There is therefore a need for solutions that reduce the energy requirement for the exposure of the solder resist from a technical and economic point of view.

The object is achieved by an inventive method and a device according to the invention, which are defined in the claims.

According to a first aspect, the present invention relates to a direct exposure device for the direct, preferably maskless, exposure and curing of a desired structure in a UV curable lacquer, preferably a solder resist. The device according to the invention can also be used, for example, for the exposure of a liquid polymer compound which is curable with UV light.

Preferably, the present invention can also be used for placement printing (often also referred to as a placement print). An assembly printing is a labeling method of printed circuit boards. The placement pressure in the prior art is usually applied by screen printing. For prototypes and small series, however, there are also methods that are similar to inkjet printing. According to the invention, a UV-curable lacquer can also be used for the placement pressure. Normally, the outlines of the components are printed to facilitate manual loading and avoid errors. Often, the individual components are also numbered to this, z. As in the following repair work to find with the help of the circuit diagram. White and yellow are the most widely used colors for the printing ink, but in principle other colors are also conceivable.

The direct exposure device according to the invention preferably comprises at least one exposure device which has at least one UV laser light source for generating a UV laser light beam. In addition, the direct exposure device according to the invention preferably comprises a deflection device, which is set up to direct the UV laser light beam to an exposure plane in order to expose and preferably harden the desired structure in a paint, preferably solder mask, which is arranged in the exposure plane. The direct exposure device has a heat source device which is set up such that a region in the exposure plane spatially and preferably temporally overlapping of the deflected UV laser light beam and the heat radiation emitted by the heat source device is exposed.

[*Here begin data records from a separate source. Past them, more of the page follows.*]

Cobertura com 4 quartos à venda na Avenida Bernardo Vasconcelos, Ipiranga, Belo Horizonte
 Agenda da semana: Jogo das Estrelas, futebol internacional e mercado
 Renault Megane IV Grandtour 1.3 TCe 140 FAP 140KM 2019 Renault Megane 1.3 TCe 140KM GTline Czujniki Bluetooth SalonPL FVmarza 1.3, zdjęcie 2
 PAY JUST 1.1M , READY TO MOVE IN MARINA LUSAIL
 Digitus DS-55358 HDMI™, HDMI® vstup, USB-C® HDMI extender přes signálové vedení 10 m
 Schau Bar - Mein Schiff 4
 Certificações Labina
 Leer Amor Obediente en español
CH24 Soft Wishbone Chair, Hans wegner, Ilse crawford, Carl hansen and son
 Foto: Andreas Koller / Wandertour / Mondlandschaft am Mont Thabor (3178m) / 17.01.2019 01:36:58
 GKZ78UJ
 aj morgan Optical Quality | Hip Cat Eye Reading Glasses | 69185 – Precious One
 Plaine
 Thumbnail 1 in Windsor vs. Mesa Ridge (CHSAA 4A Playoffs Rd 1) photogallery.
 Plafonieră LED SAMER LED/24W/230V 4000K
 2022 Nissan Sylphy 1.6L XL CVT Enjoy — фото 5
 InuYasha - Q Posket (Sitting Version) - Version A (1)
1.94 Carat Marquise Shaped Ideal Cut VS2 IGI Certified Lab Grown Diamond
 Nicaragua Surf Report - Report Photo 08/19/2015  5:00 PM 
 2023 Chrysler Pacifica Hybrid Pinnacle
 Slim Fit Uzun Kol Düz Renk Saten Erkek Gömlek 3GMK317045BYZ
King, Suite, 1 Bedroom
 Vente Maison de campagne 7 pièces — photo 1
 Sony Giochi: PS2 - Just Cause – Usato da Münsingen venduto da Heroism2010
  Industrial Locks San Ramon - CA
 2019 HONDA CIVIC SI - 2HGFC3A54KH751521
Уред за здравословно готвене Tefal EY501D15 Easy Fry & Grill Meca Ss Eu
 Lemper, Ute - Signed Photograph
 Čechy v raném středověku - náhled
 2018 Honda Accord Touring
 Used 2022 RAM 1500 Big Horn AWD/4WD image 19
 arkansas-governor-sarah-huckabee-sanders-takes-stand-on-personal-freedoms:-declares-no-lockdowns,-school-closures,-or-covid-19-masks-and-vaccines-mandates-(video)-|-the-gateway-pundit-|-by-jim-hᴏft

Preferably, the direct exposure device additionally has a receiving device for receiving a coated substrate. Preferably, the substrate is coated with a UV curable solder resist. In addition, it is preferred if the direct exposure device has at least one movement device in order to generate a relative movement between the at least one exposure device and the substrate.

The at least one exposure device preferably has at least two UV laser light sources, preferably at least two UV laser diodes, which emit UV laser light in preferably two different wavelengths in the range from 350 nm to 450 nm. However, the invention is not limited to two UV laser diodes, that is, it is also possible to provide a plurality of identical and / or different UV laser diodes. According to the invention, a coupling optics can be used which is set up to combine light from a plurality of UV laser light sources in order to direct the combined UV laser light via the deflection device onto the exposure plane, in particular the solder resist.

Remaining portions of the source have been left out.